» **Collected data**
★ ★ ★

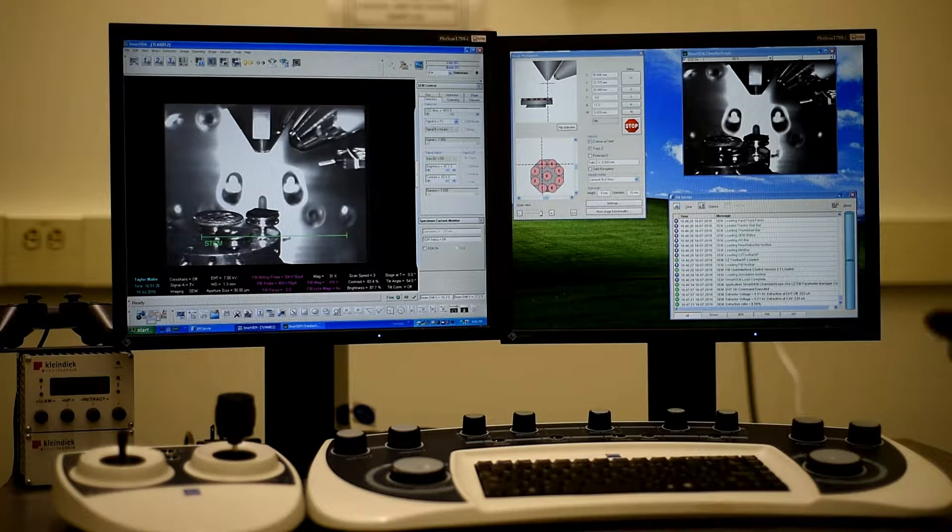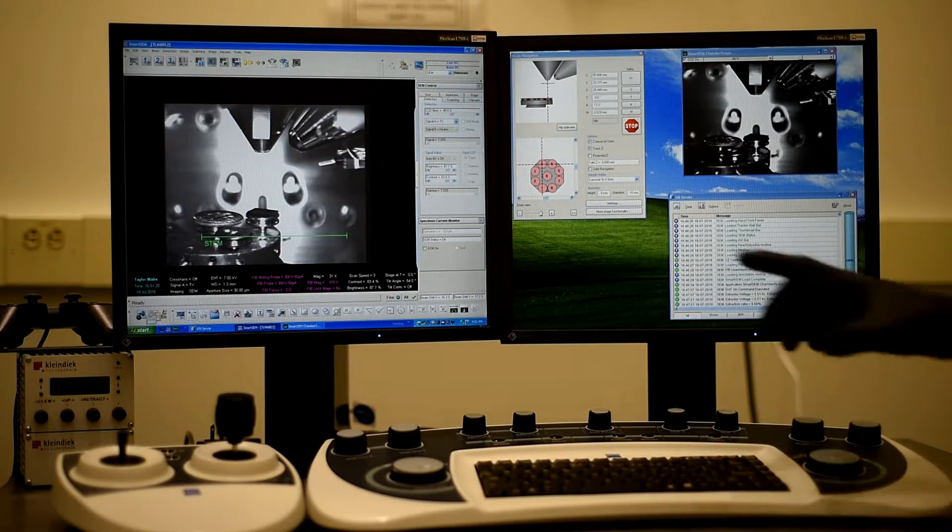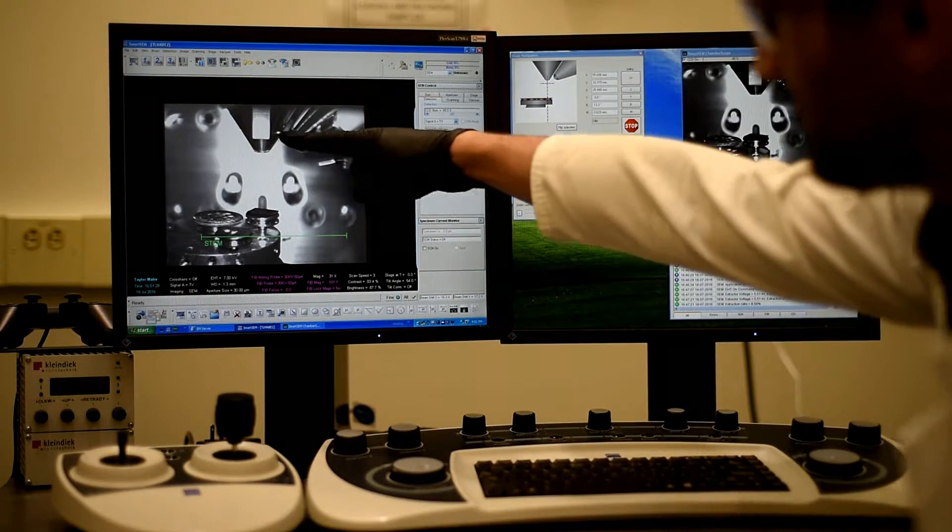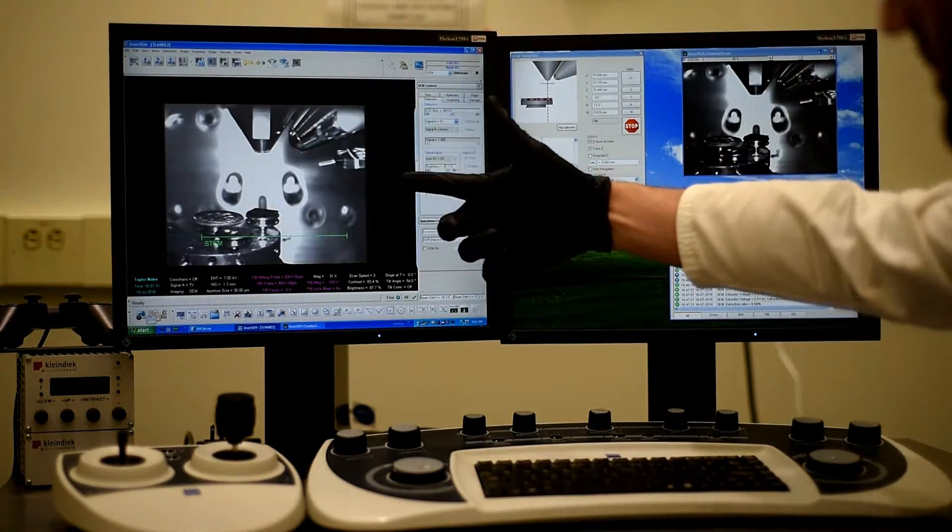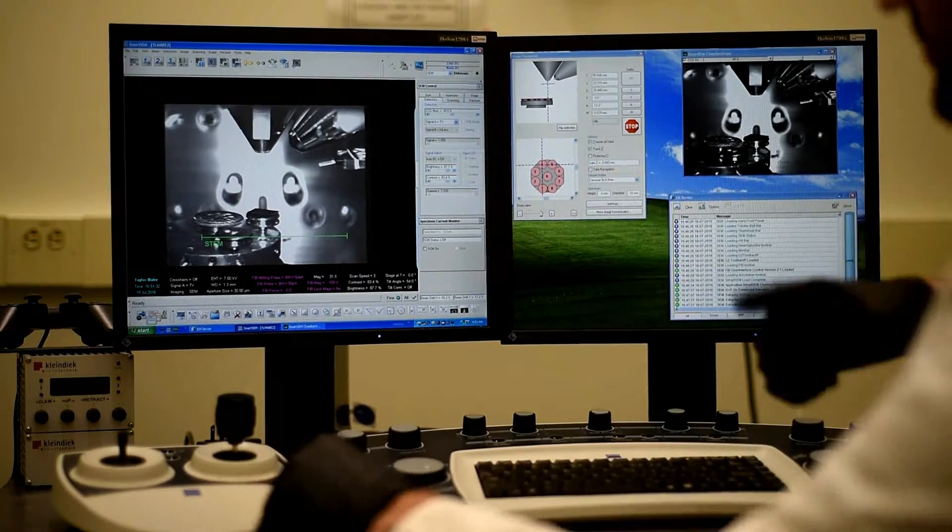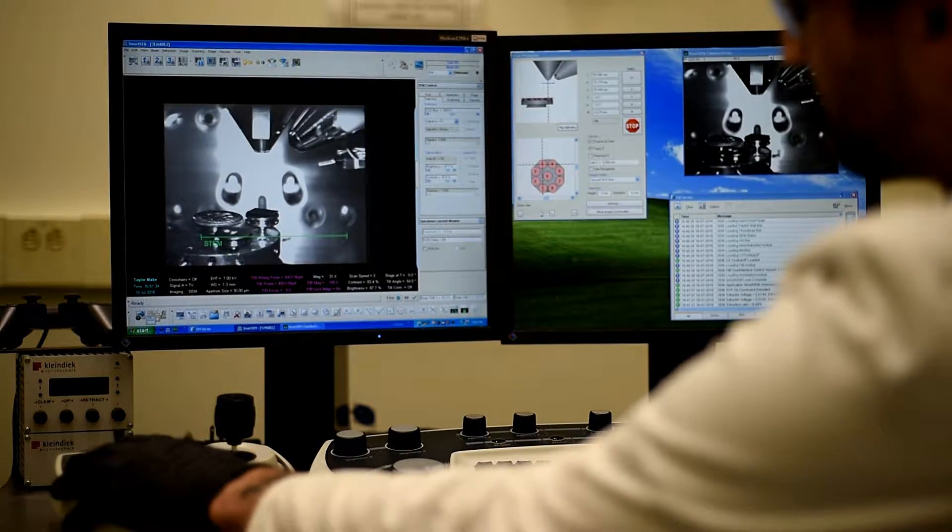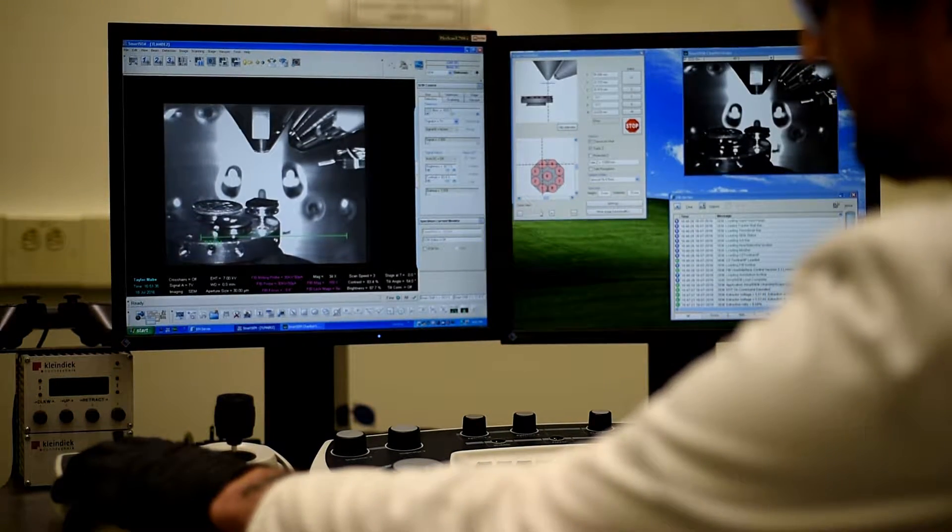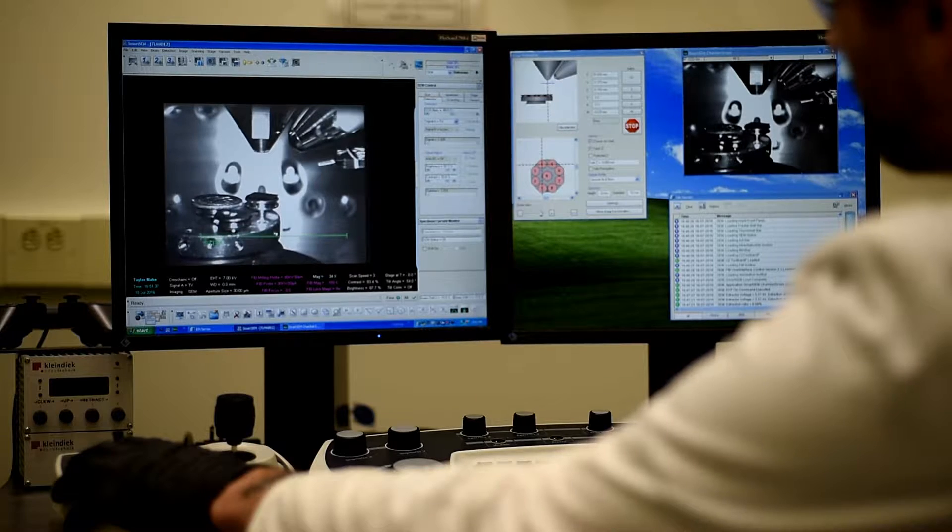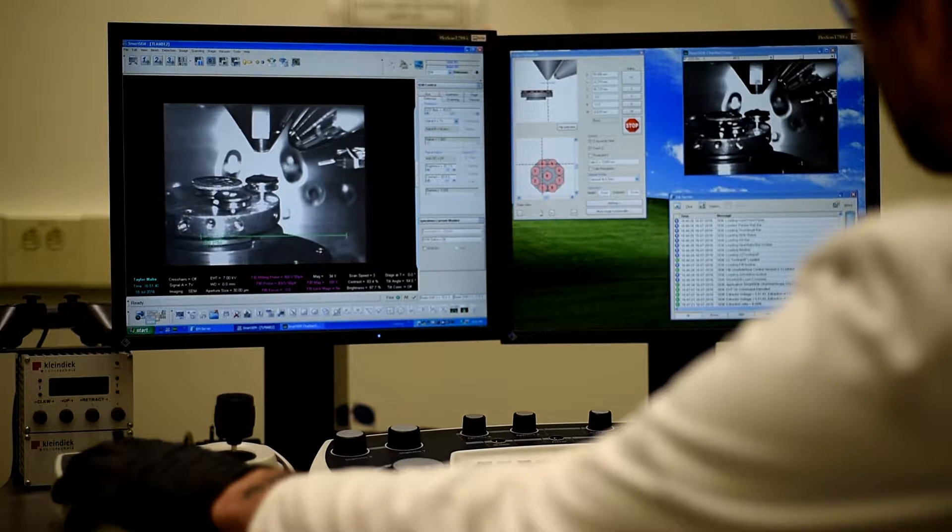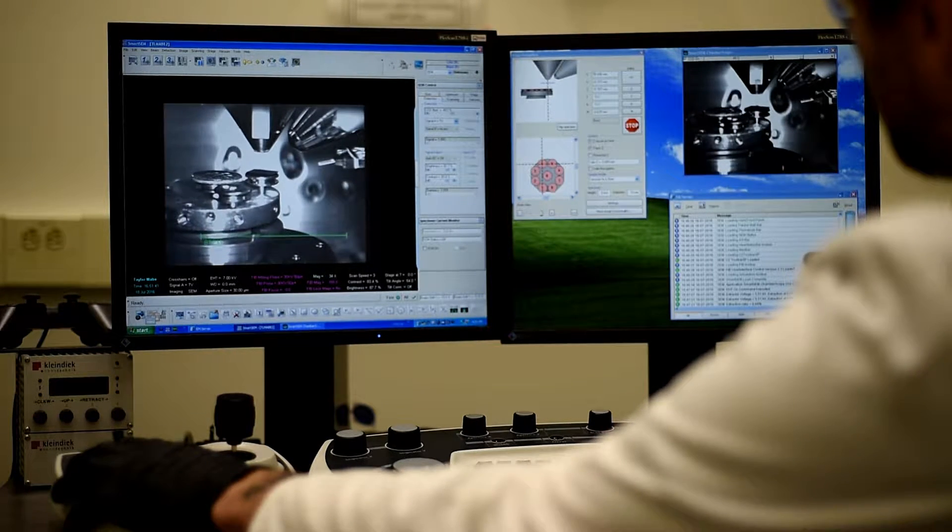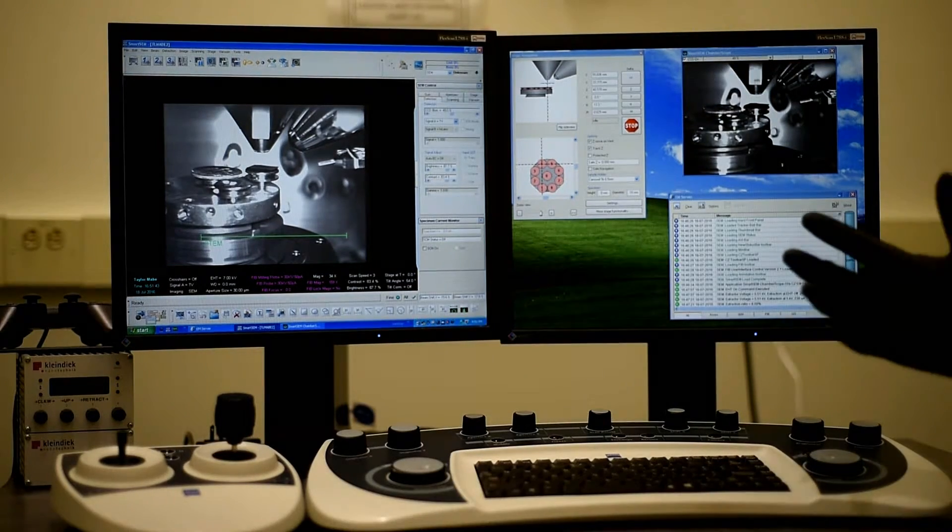So the first thing I'm going to do is, if you look on the screen, the working distance is way too large. So I'm going to decrease that by raising the sample holder. So generally, about 5 millimeters is a good value.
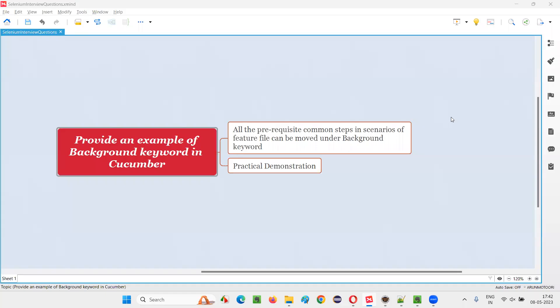Hello all, welcome to this session. In this session, I am going to answer one of the Selenium interview questions: provide an example of the background keyword in Cucumber.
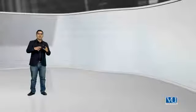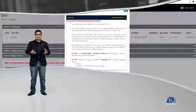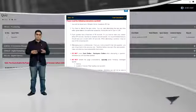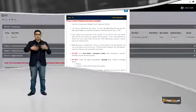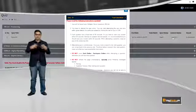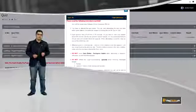इसके अलावा LMS का एक बहुत major component are the moderators — people who will help you learn more and more through question and answers.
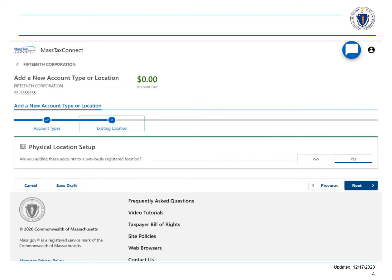In answer to the question, are you adding these accounts to a previously registered location, select yes and then next.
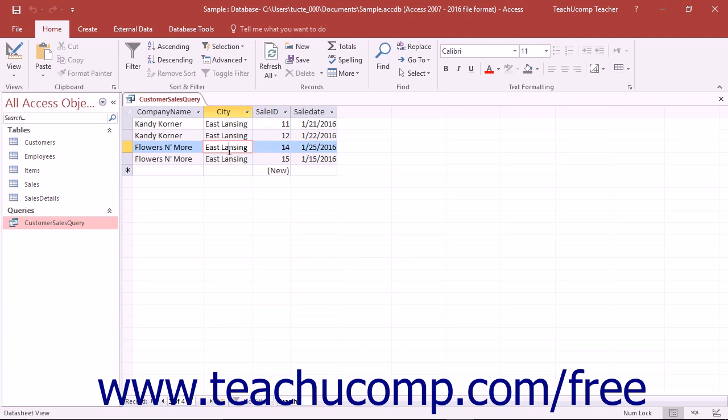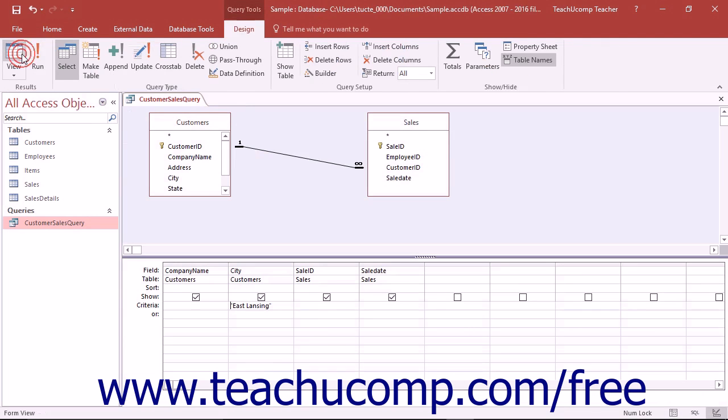Having additional fields to display in the result set can slow down query performance. However, if the field is required for sorting or criteria purposes, it must be included in the QBE grid.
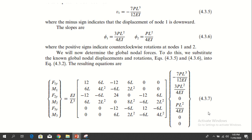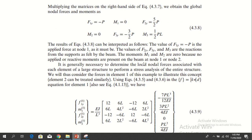By eliminating the rows with zero displacement, you may find the forces. These are the answers for all six forces, and these six forces can also be found.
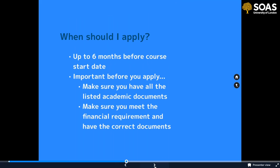You can apply up to six months before the course start date. Before applying, make sure you have all the listed academic documents in your CAS. For example, if you're coming to study a master's programme, you'll need evidence of your undergraduate degree. You may need to upload a copy and in some cases show the original. Equally important is making sure you meet the financial requirements and have the correct documents to prove it — just having the money isn't enough, you need the right documents the UK government demands.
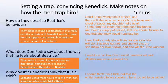Setting a trap — convincing Benedict. Make notes on how the men trap him. How do they describe Beatrice's behaviour? They make it sound like Beatrice is in a really emotional state and Benedict needs to save her. This appeals to a masculine desire to rescue a damsel in distress: 'She'll be up twenty times a night and there she will sit in her smock till she have writ a sheet of paper, my daughter tells us all.' And 'she tore the letter into a thousand halfpence.' Don Pedro says: 'I would she had loved me, I would have knocked back all other women and married her.' They make it sound like other men are interested — competition also means Benedict sees the value of Beatrice, so they're making him think other men are pursuing her.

★ ★ ★

» **EXERCISE GOAL**
Please quote the records above exactly, beginning at the line that contains "Having additional fields" and ending at their last line. Leave the pictures out.

» **ANSWER SPACE**
Having additional fields to display in the result set can slow down query performance. However, if the field is required for sorting or criteria purposes, it must be included in the QBE grid.
By eliminating the rows with zero displacement, you may find the forces. These are the answers for all six forces, and these six forces can also be found.
You can apply up to six months before the course start date. Before applying, make sure you have all the listed academic documents in your CAS. For example, if you're coming to study a master's programme, you'll need evidence of your undergraduate degree. You may need to upload a copy and in some cases show the original. Equally important is making sure you meet the financial requirements and have the correct documents to prove it — just having the money isn't enough, you need the right documents the UK government demands.
Setting a trap — convincing Benedict. Make notes on how the men trap him. How do they describe Beatrice's behaviour? They make it sound like Beatrice is in a really emotional state and Benedict needs to save her. This appeals to a masculine desire to rescue a damsel in distress: 'She'll be up twenty times a night and there she will sit in her smock till she have writ a sheet of paper, my daughter tells us all.' And 'she tore the letter into a thousand halfpence.' Don Pedro says: 'I would she had loved me, I would have knocked back all other women and married her.' They make it sound like other men are interested — competition also means Benedict sees the value of Beatrice, so they're making him think other men are pursuing her.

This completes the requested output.